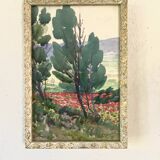 1930 painting "poppies" wooden frame with glass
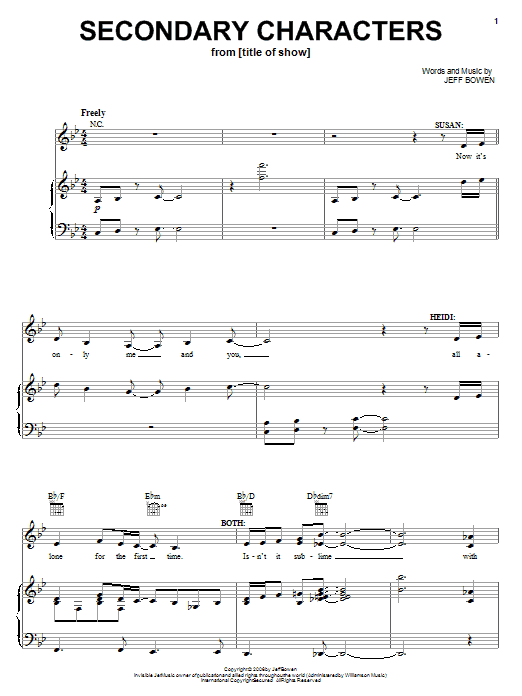Jeff Bowen Secondary Characters Sheet Music
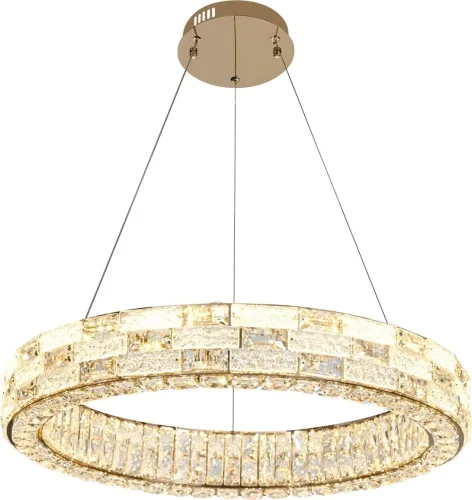 Люстра подвесная LED с пультом Gabbana 4014/03/06P Stilfort прозрачная на 1 лампу, основание золотое в стиле современный кольца с пультом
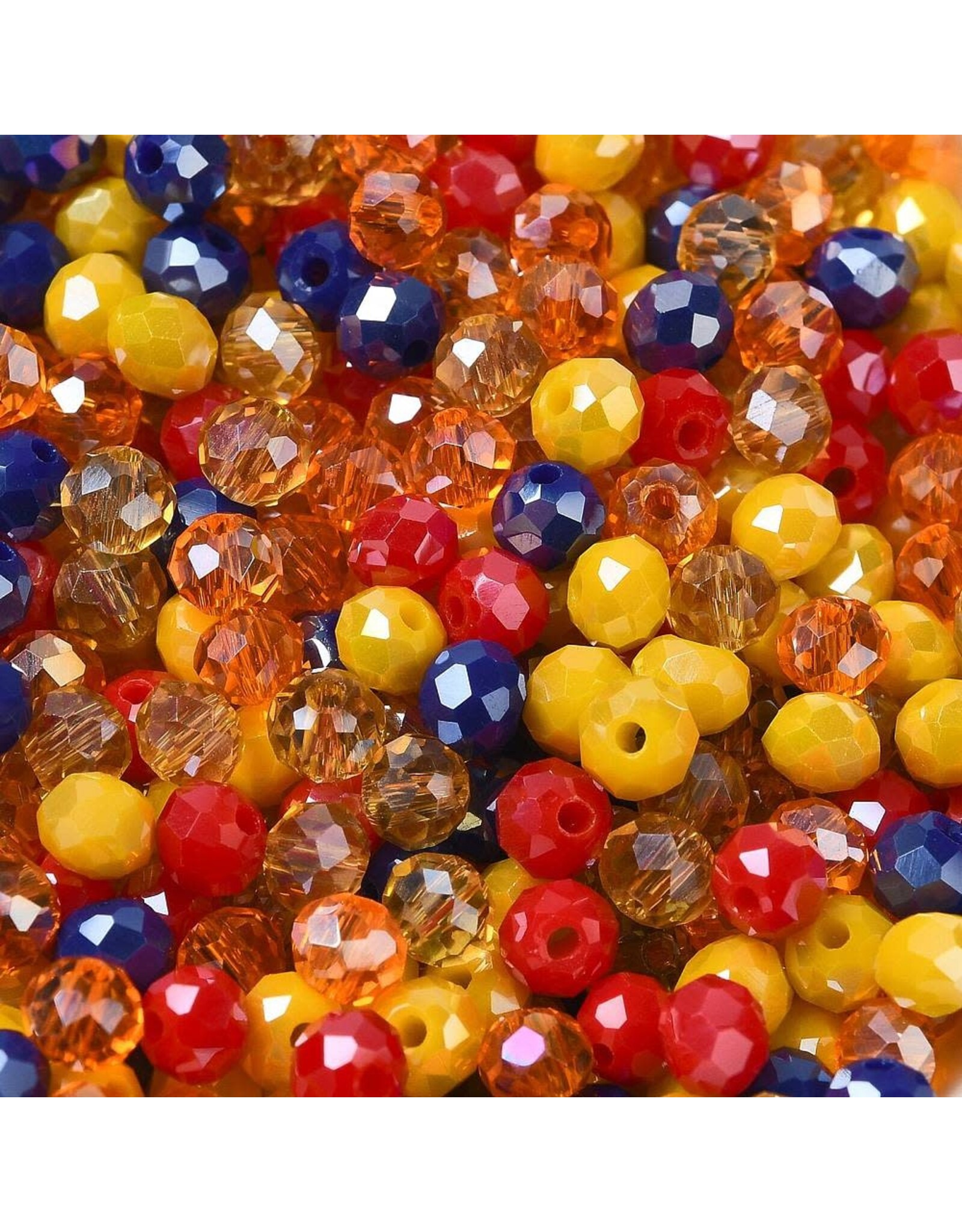 4x3mm Rondelle  Orange Blue Yellow Mix  50g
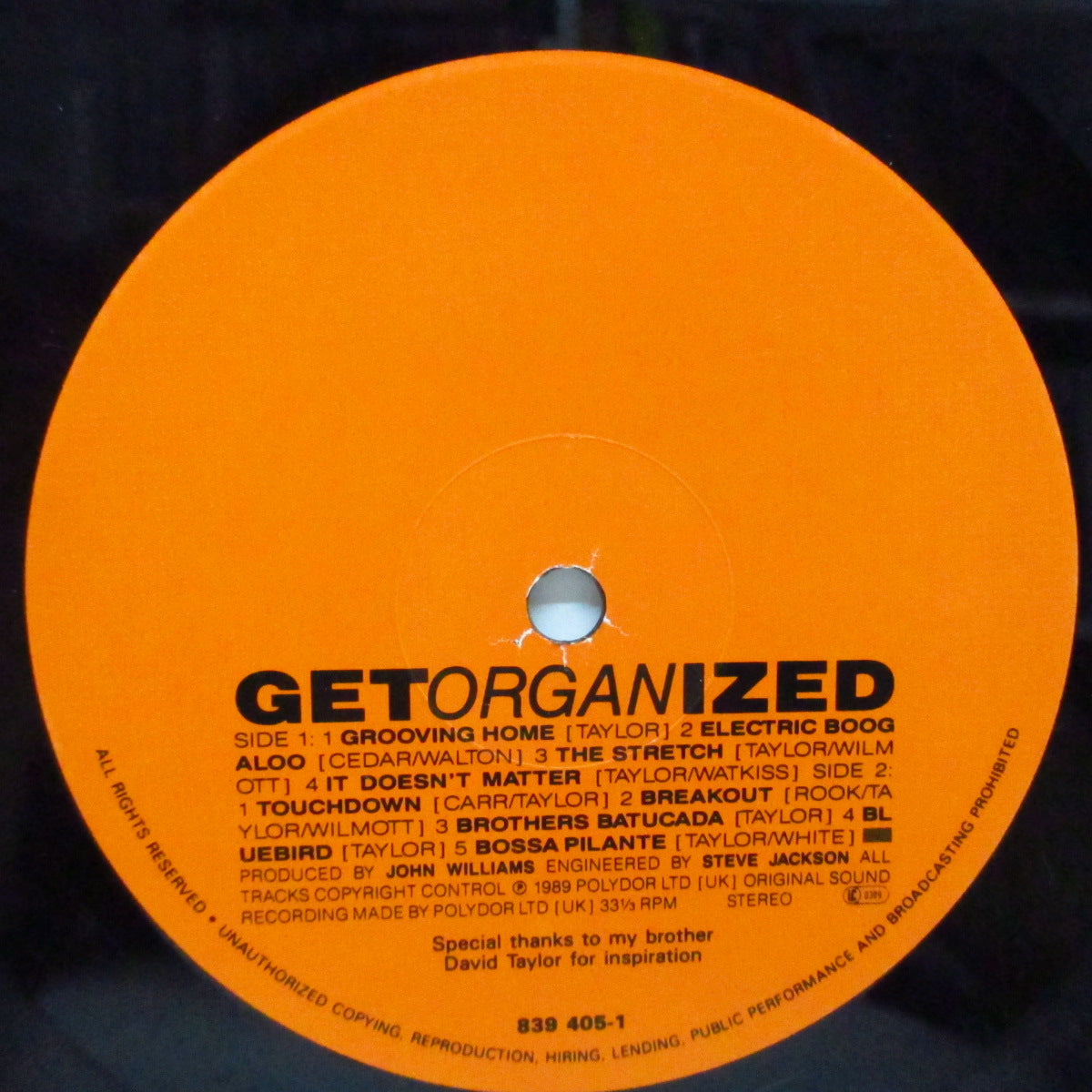 JAMES TAYLOR QUARTET (ジェームス・テイラー・クァルテット) - Get Organized (UK オリジナル LP)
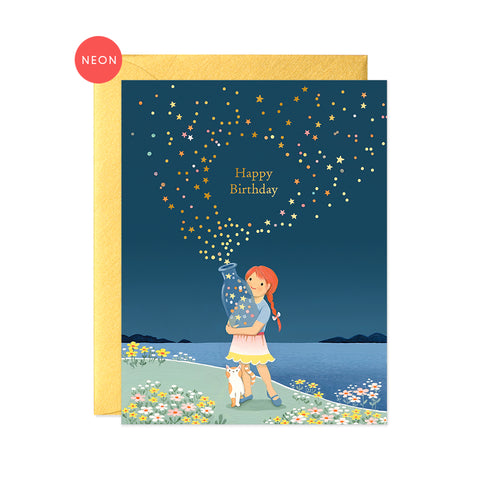 Bottle Of Stars Happy Birthday Card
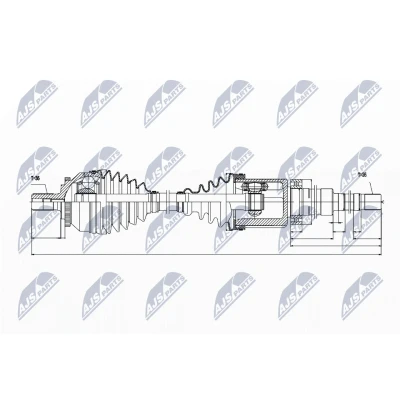 Immagine di NTY NPW VV 020 Albero motore / Semiasse Assale anteriore Dx 1006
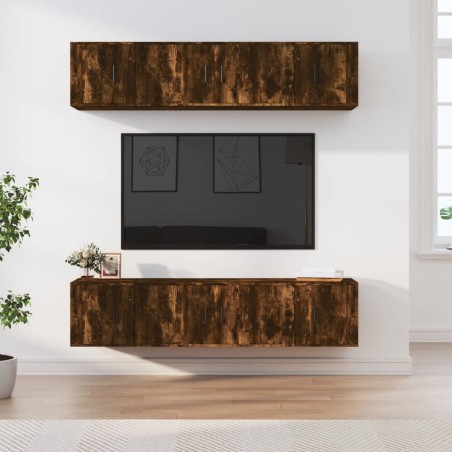 vidaXL 6-tlg. TV-Schrank-Set Räuchereiche Holzwerkstoff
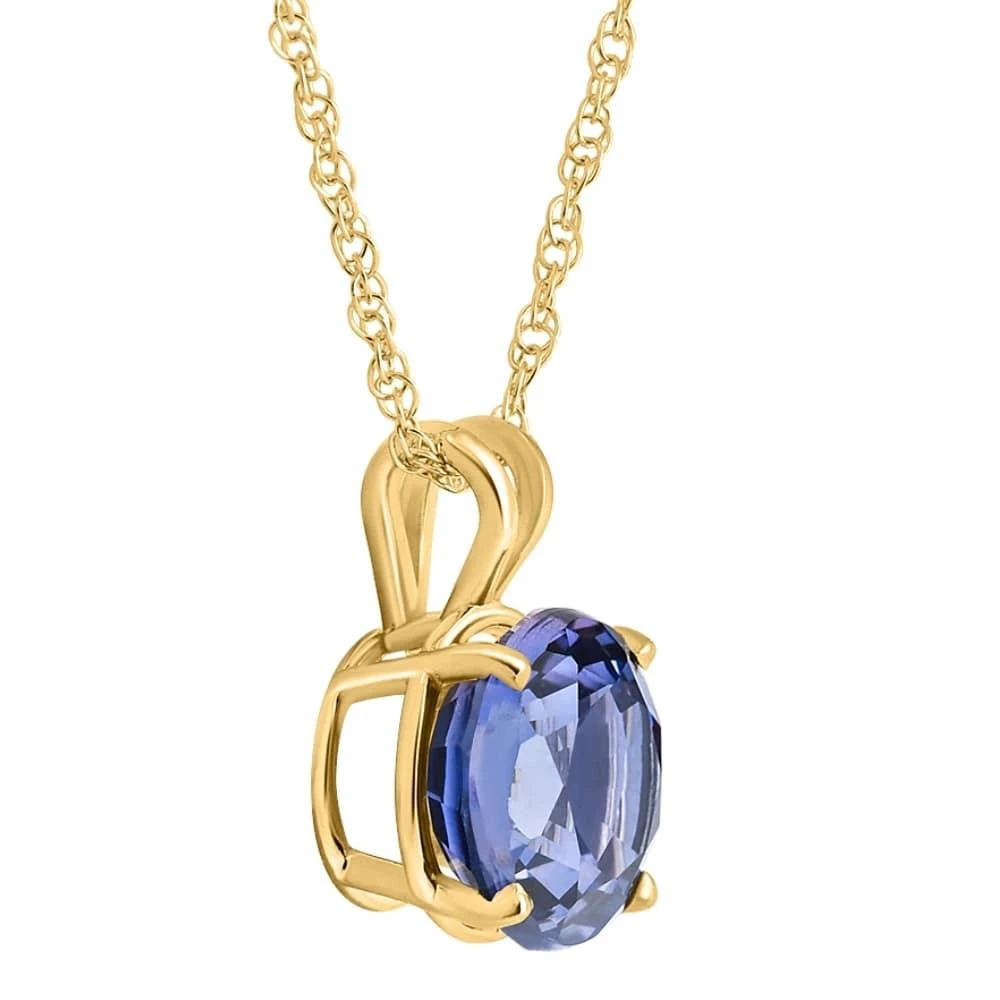 Pompeii3 3.50Ct Round Blue Sapphire Solitaire Pendant 14k Gold Necklace Lab Grown 9MM 2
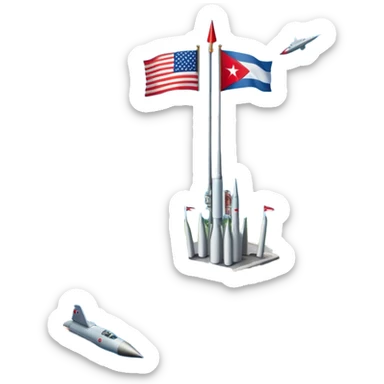 Cuba during the Cold War with Cuban island in the center, US and USSR flags on either side, missiles, tense atmosphere sticker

-*-

Instructions for the task:
In the entries above, find the line containing "JAMES TAYLOR QUARTET"; transcribe exactly that line and every line after it through the end, and only those, omitting pictures.

Solution for this task:
 JAMES TAYLOR QUARTET (ジェームス・テイラー・クァルテット) - Get Organized (UK オリジナル LP)
 Bottle Of Stars Happy Birthday Card
 Immagine di NTY NPW VV 020 Albero motore / Semiasse Assale anteriore Dx 1006
 vidaXL 6-tlg. TV-Schrank-Set Räuchereiche Holzwerkstoff
 Pompeii3 3.50Ct Round Blue Sapphire Solitaire Pendant 14k Gold Necklace Lab Grown 9MM 2
 Cuba during the Cold War with Cuban island in the center, US and USSR flags on either side, missiles, tense atmosphere sticker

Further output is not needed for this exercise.